Option pricing via Black Scholes and algo trading are something I know about. You're right about programmers having very little idea about secure code. What intrigues me further, is that no-one really has any idea about how multiple algos working to make markets or exploit VWAP/arbitrage opportunities all simultaneously operating on the same instruments (or linked ones) really work when they are all interacting from different institutions. The testing of them simply cannot possibly take into account all the various permutations, as they are all black box. Add human interaction into it - without which there will be no actual market, and....well, it's an interesting thing as to what will happen. The regulators....well I dunno what they are doing about it, but I'm guessing like the ratings agencies they will do a sterling job hmm.

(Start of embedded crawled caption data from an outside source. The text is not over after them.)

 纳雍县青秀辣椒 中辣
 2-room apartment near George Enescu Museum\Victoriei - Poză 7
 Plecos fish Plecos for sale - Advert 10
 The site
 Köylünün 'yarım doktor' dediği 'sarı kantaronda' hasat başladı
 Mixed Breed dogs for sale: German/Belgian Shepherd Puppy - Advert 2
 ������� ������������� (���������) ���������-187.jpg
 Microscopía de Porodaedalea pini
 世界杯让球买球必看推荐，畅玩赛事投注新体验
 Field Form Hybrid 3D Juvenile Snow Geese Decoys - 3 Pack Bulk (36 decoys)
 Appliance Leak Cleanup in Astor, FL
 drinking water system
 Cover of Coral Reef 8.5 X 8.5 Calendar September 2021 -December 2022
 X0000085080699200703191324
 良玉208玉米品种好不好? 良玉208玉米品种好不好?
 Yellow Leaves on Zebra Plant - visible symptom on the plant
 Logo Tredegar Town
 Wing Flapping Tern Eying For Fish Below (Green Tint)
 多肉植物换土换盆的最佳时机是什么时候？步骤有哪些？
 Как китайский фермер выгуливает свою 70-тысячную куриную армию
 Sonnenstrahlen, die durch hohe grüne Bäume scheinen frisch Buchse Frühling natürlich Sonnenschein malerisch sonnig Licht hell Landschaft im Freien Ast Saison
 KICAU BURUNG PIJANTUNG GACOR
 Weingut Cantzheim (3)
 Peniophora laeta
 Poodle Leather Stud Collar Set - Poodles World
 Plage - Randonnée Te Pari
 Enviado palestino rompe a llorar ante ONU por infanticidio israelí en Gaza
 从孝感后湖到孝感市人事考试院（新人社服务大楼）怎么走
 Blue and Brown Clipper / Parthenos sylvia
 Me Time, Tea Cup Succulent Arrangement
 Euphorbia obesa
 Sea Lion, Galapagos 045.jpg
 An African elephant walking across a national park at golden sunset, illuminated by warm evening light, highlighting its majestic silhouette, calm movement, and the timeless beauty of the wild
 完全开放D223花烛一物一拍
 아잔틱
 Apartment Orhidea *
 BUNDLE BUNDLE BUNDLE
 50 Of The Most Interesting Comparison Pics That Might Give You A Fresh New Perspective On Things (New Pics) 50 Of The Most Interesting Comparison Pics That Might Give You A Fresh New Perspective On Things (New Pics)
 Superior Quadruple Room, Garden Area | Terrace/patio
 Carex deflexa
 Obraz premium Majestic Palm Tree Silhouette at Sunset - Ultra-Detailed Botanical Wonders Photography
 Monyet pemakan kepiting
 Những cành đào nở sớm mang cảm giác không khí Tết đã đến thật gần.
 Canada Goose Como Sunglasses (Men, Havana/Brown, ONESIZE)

scottishmummy Sat 10-Nov-12 23:00:50

I mean apparently it teams dig for dirt,things folk try to hide
or alternatively delete online stuff is sensitive to clients eg leaky personal life

worklifedifficult Sat 10-Nov-12 22:57:01

sorry it was a don't before programmers who can write secure code

worklifedifficult Sat 10-Nov-12 22:55:53

big lolz sorry scottishmummy there are very, very few of us who are protecting your on-line life, or more to the point there are an immense amount of programmers who know how to write secure systems. OliviaMumsnet would piss herself if she knew how your online data here is being fucked on a regular basis. Most whitehat pentest fellas do what their bosses say to keep the clients paying.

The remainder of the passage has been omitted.